There were no adverse events connected with the transplantation procedures. Within the 5 years of follow-up, no negative effects of the BMNC treatment were noted. Neither clinical nor imaging examinations showed any improvement. The ASIA grade of A did not change; however, the patient reported quality-of-life improvement. The patient’s spasticity was reduced from 2 to 1+ on the Ashworth scale. The SCIM score in appendix A, part 1, regarding the ability to self-service, increased from 13 to 15 points; in part 2, regarding respiratory and sphincter management, the score stayed at 29, and room and toilet mobility improved from 7 to 9 points; and in part 3, regarding indoor and outdoor mobility, the score remained at 7 points (Table 2).

Table 2.

Quality-of-life improvement evaluated with the use of the SCIM scale for five cases

graphic file with name sctm_130141t2.jpg

The parents’ consent for the experimental therapy was withdrawn after the second round of BMNC implantation.

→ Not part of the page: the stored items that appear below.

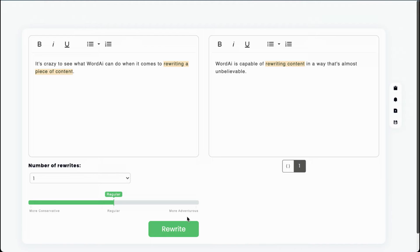In short, everything about the sentence got changed, while remaining high-quality, unique, and true to the original meaning. In one click, you just multiplied your content.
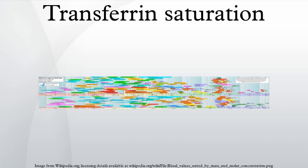Transferrin saturation, abbreviated as TSAT and measured as a percentage, is a medical laboratory value.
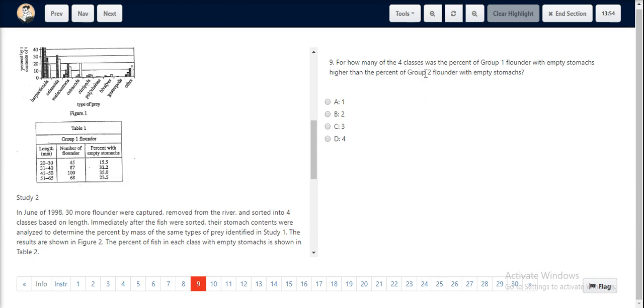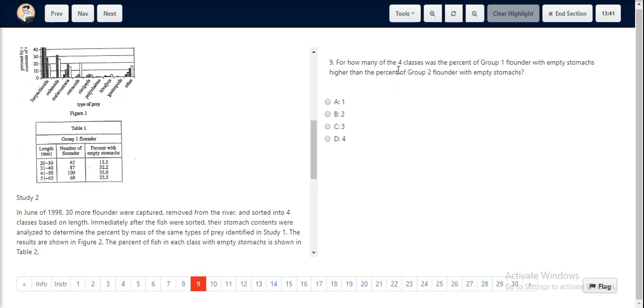How many of the 4 classes was the percentage of group 1 flounder with empty stomachs higher than the percentage of group 2 flounder with empty stomachs? We found 3 classes of the 4. Hence, C is the correct choice.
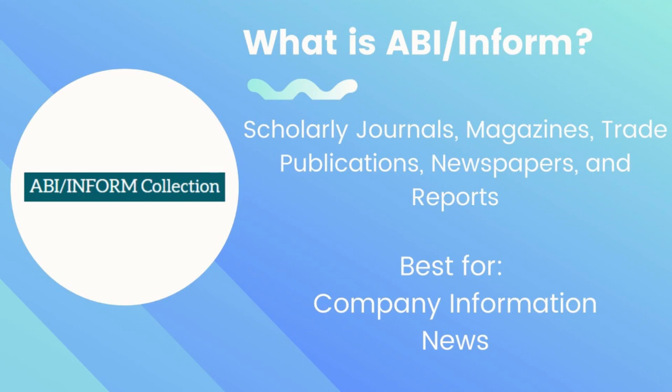This database is best for finding company information and news in trade publications and press releases, especially in national newspapers such as the Wall Street Journal and magazines such as The Economist.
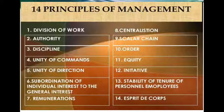Henry Fayol gave 14 principles of management. The first is division of work among employees. Second is parity or equality between authority and responsibility. Third is discipline. Fourth is unity of command, which says one boss, one command. Fifth is unity of direction, which says one head, one plan only. Sixth is subordination of individual interest to general interest.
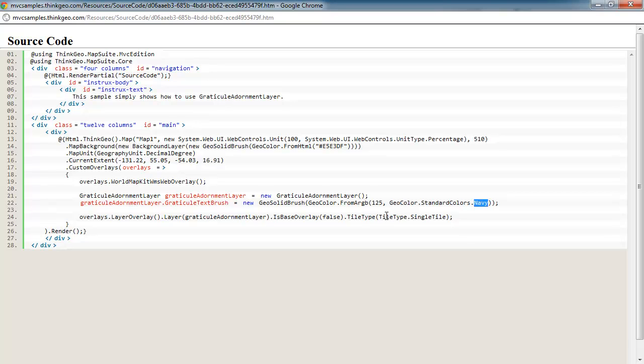Then simply add the graticule adornment layer to whatever overlay you'd like. Typically, you want to add it last since it'll be drawn on top of everything. We also recommend putting in a single tile.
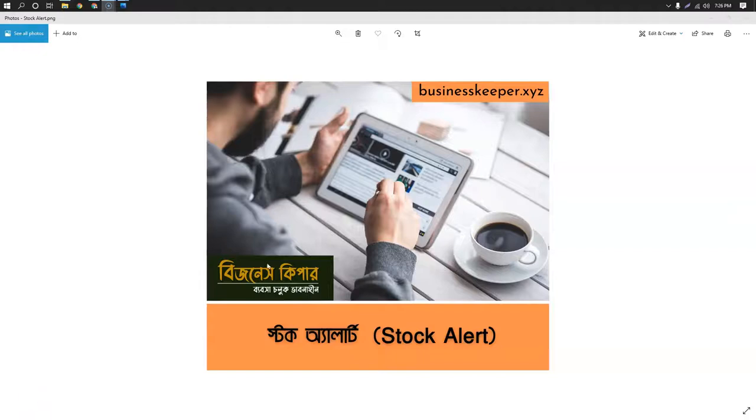In this tutorial, I will show you the stock alert. The stock alert is very good for the business.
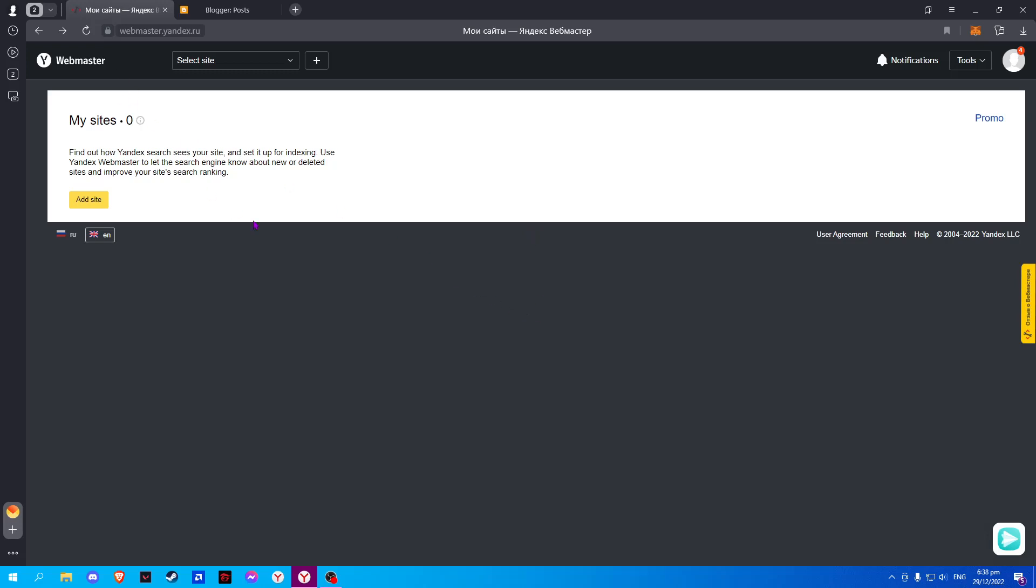To do that, first go to Yandex Webmaster and log in your Yandex account.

The patient was followed up by the Outpatient Department of Neurosurgery and was submitted to regular follow-up examinations. The last examination was performed in March 2012.

Case 3

A 6-year-old boy was hit by a tree branch, which caused injury of the thoracic spine (SCIWORA). On the 10th day after the injury, the boy was admitted to the Department of Neurosurgery at UCH in Cracow. At admission, the child was conscious (Glasgow Coma Scale score of 15) and presented with flaccid paralysis of the lower extremities, obliterated superficial and deep sensation starting at Th3, and trace abdominal medial and inferior skin reflexes. Because MRI was not possible, myelotomography showed a focal concussion of the SC at Th5-Th7 (and especially Th3-Th4), which predominantly involved the posterior horns and lateral columns of the SC. In addition, the patient was diagnosed with cerebral concussion, hemothorax, and a fracture of the left femoral bone. Conservative treatment and motor rehabilitation in the initial phase did not cause any significant neurological improvement.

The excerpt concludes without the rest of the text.